Irish farming would achieve carbon-neutral status if permanent pasture and hedgerows received credit for the sequestration, IFA president Joe Healy has said.

“If you take even the renewable energy from farmland there’s 3.4m tonnes that can be offset there against it but the energy sector gets credited for that. We don’t get credit for our permanent pasture, our hedgerows. If we got credits for all of those, we would be carbon-neutral,” Healy said. “There are 185,000ha of unenclosed land that we need the Government to open up. That can be planted all over the country.”

Healy was speaking on The Pat Kenny Show on Newstalk on Tuesday morning. Catherine Devitt from Stop Climate Chaos Coalition was also speaking.

She said that she is from a farming background, has siblings who are farming and understands the financial pressures farmers are facing.

Goals

However, she said Ireland needs to have wider conversations about policy choices we are making today and how they affect our emissions goals.
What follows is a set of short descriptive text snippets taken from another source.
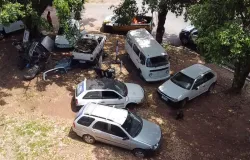 Deixou carro velho na rua de Cuiab�? Prefere ser multado ou perder o bem?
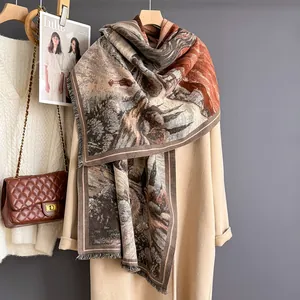 Écharpe élégante avec imprimé peinture à l'huile et franges sur un manteau d'hiver
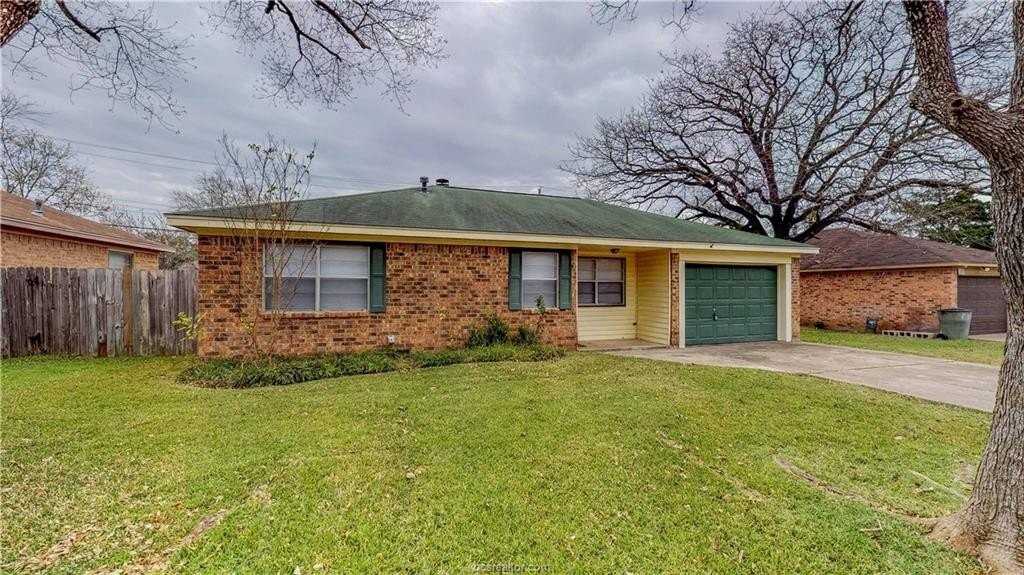 1107 Braeswood Dr - Photo 3 of 45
“Our 2050 goal is to achieve 80% of our emissions cuts. For agriculture it is carbon neutrality,” she said. “That means we need to sequester carbon through forestry, peatlands soil and so on. Our planting rates on forestry are far behind.”
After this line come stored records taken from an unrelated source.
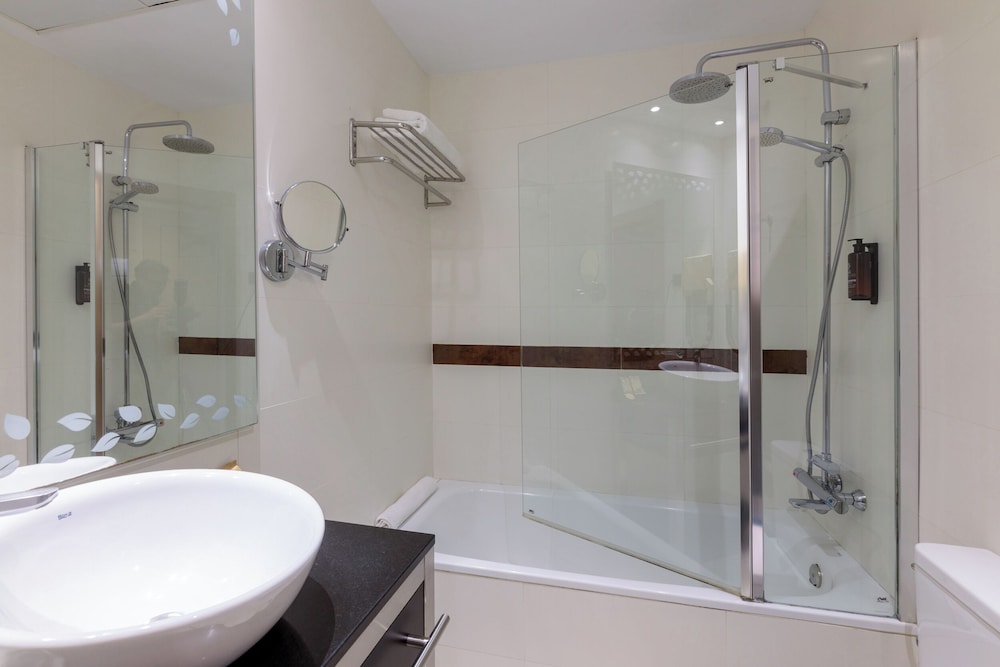 غرفة بسرير كوين، Hotel Suizo 7/10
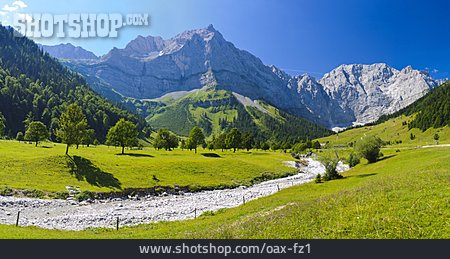 
                Alm, Karwendelgebirge, Großer Ahornboden                   
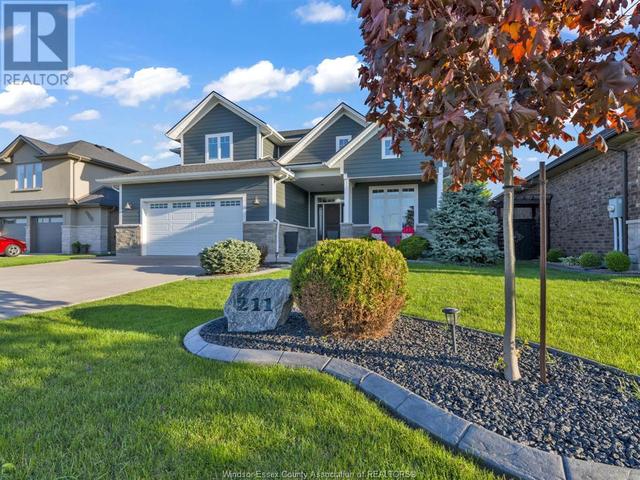 211 Maxwell Cres, House detached with 4 bedrooms, 3 bathrooms and null parking in Lakeshore ON | Image 2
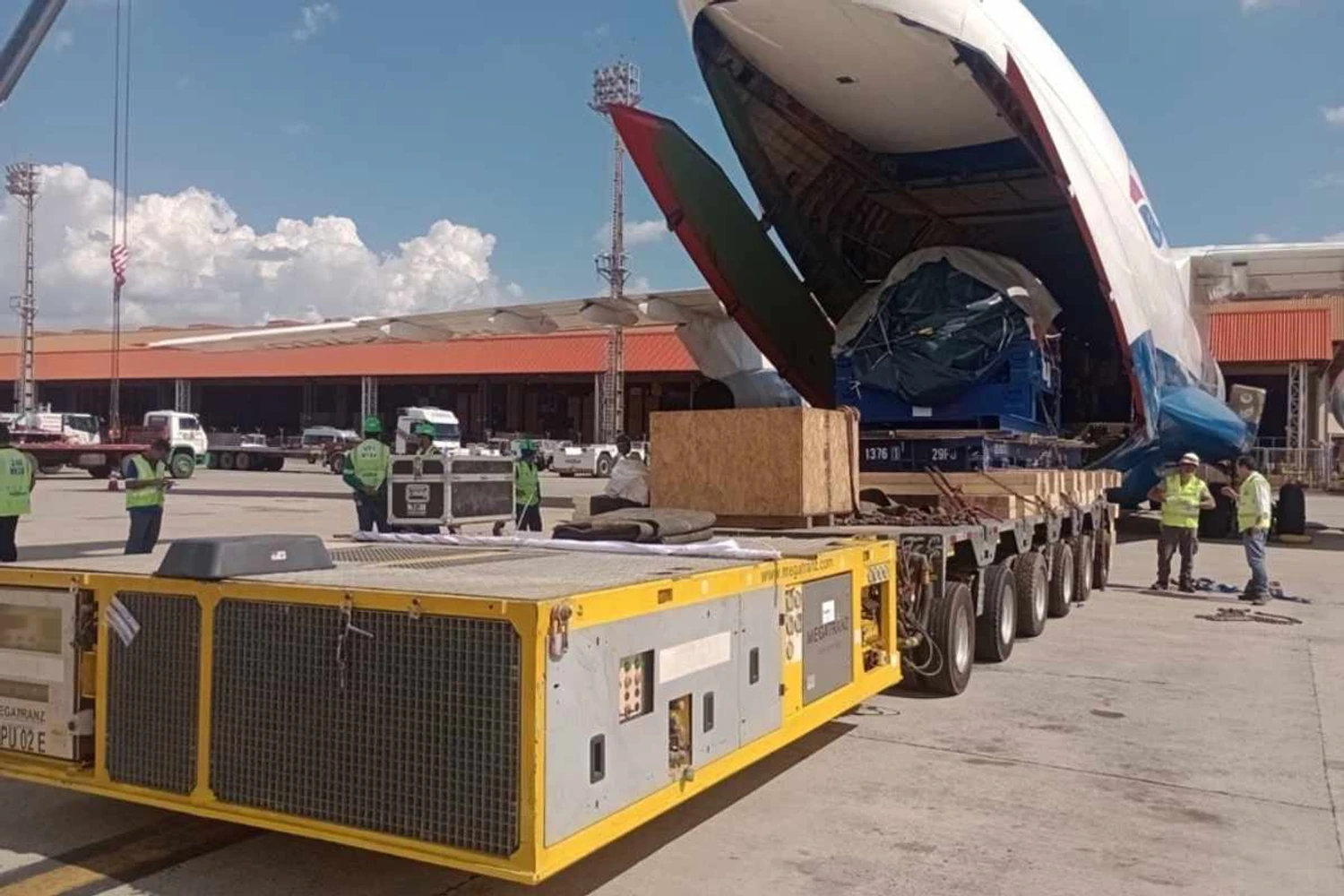 31 toneladas é pouco para o Il-76: versão mais avançado do modelo pode transportar 60 toneladas (Divulgação)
Devitt said that the problem with agriculture is that emissions from the sector are expected to rise.

“Ireland is not on any kind of a pathway to achieve its 2030 objectives… Are we losing focus of the bigger picture here? We recognise that farmers are already doing a lot on this issue. Farmers are already taking a lead on this. We need to ask ourselves the policy choices we make over the next couple of years.”

Farmers can potentially reduce greenhouse gas (GHG) emissions by 30% or more according to Healy, citing IFA’s smart farming programme as a win-win example, financially and environmentally.

“Since 1990 Irish farmers have increased agricultural output by 40% but we are still at same level of GHG emissions,” he said.